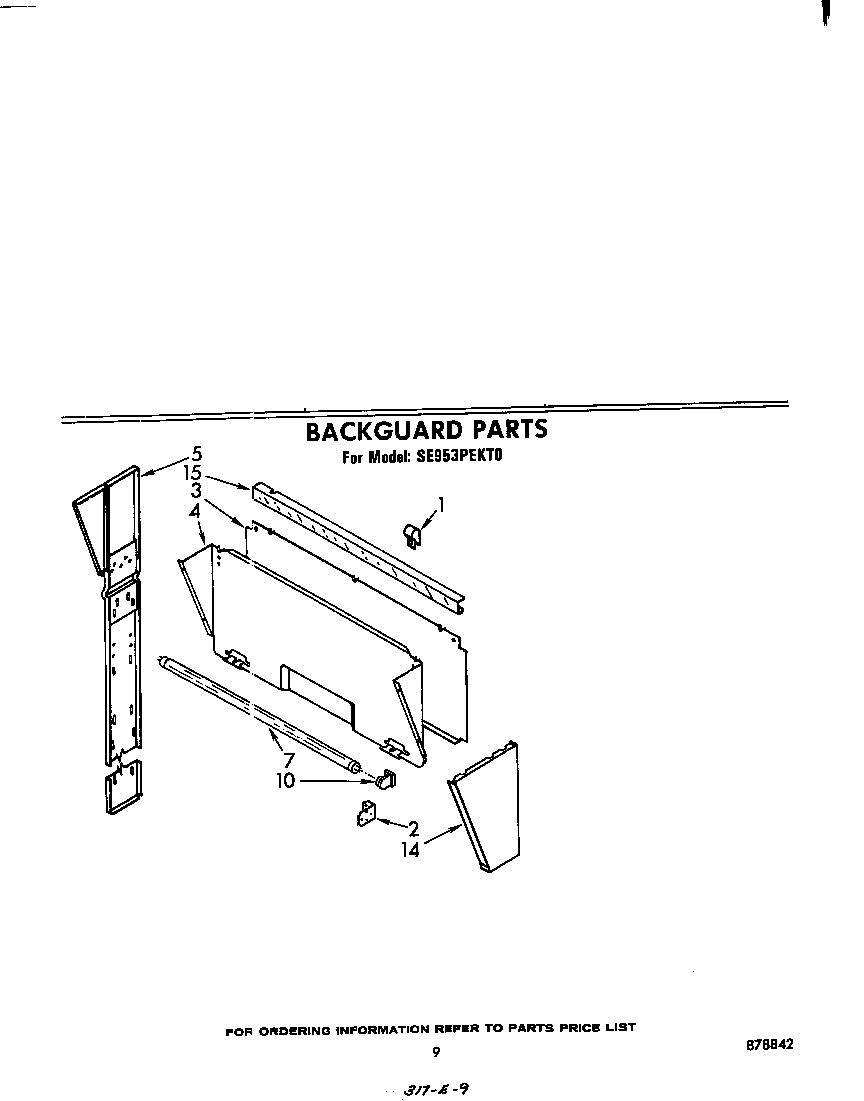 Backguard
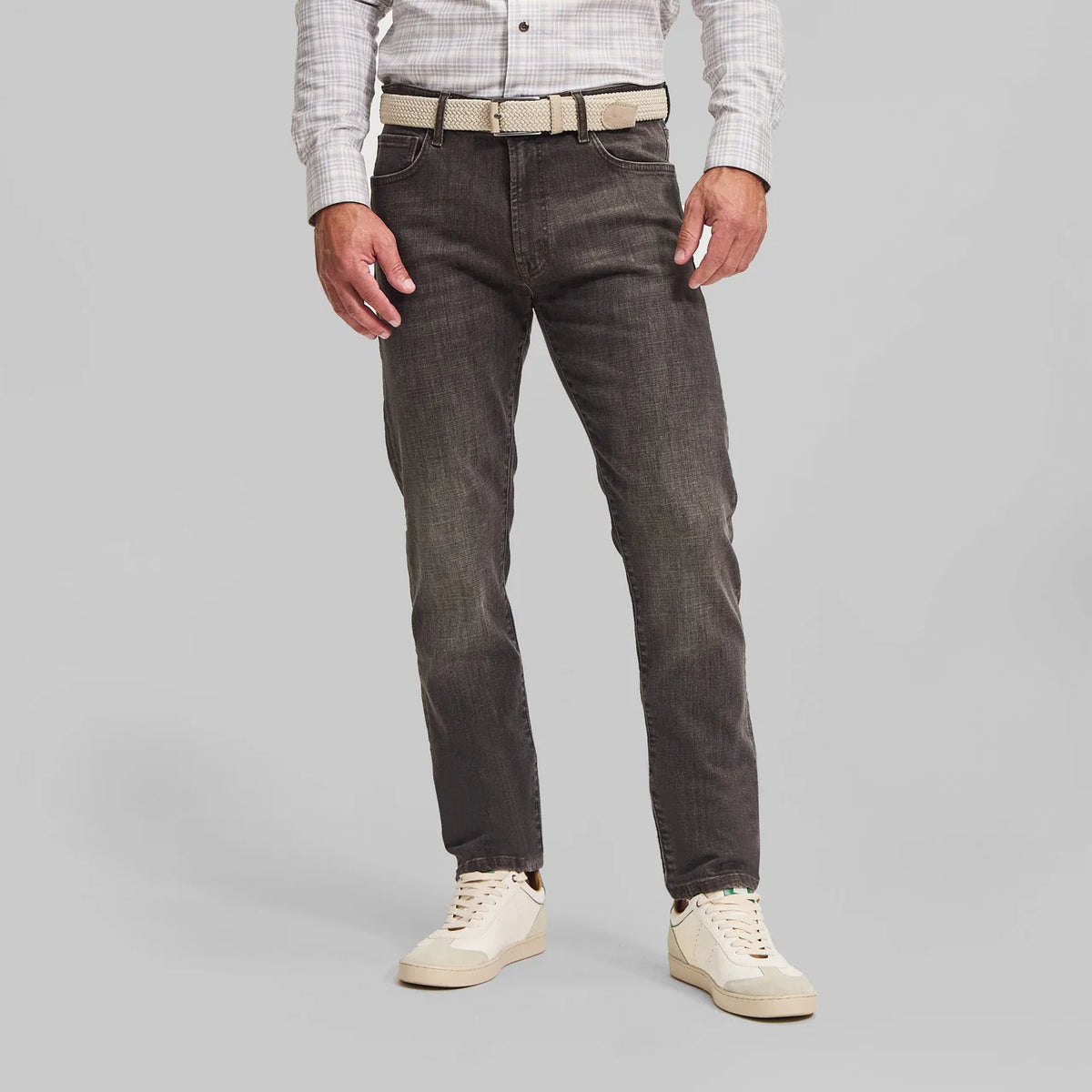 RYE51 4 Way Stretch Jean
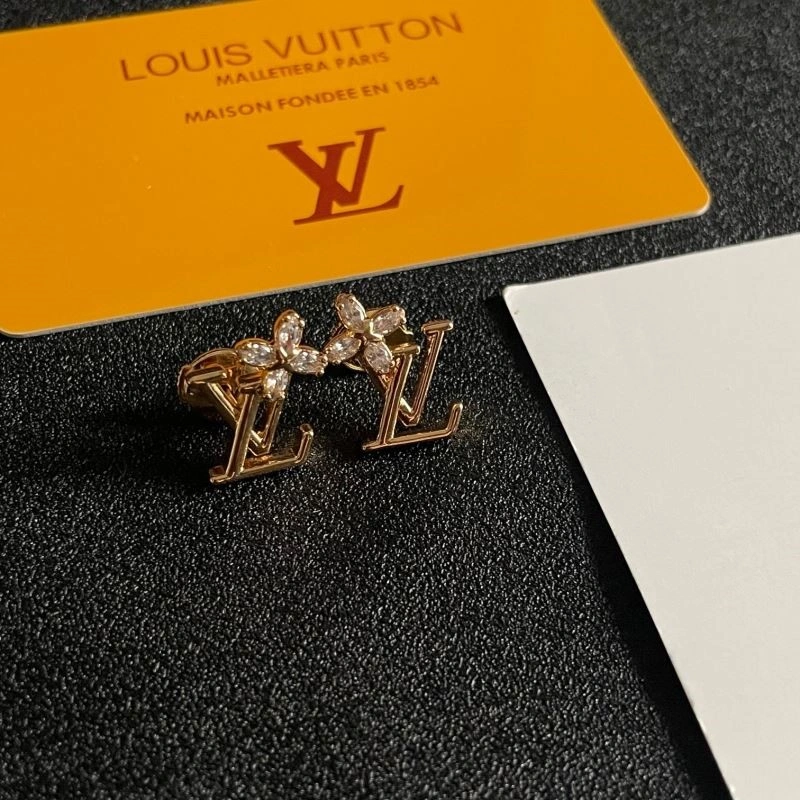 Louis Vuitton Earrings RelaxedFit 249051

□ □ □ □

** WHAT YOU SHOULD DO **
Write the listing out again in full and unchanged, minus any pictures.

** SOLUTION TO THE EXERCISE **
 Backguard
 RYE51 4 Way Stretch Jean
 Louis Vuitton Earrings RelaxedFit 249051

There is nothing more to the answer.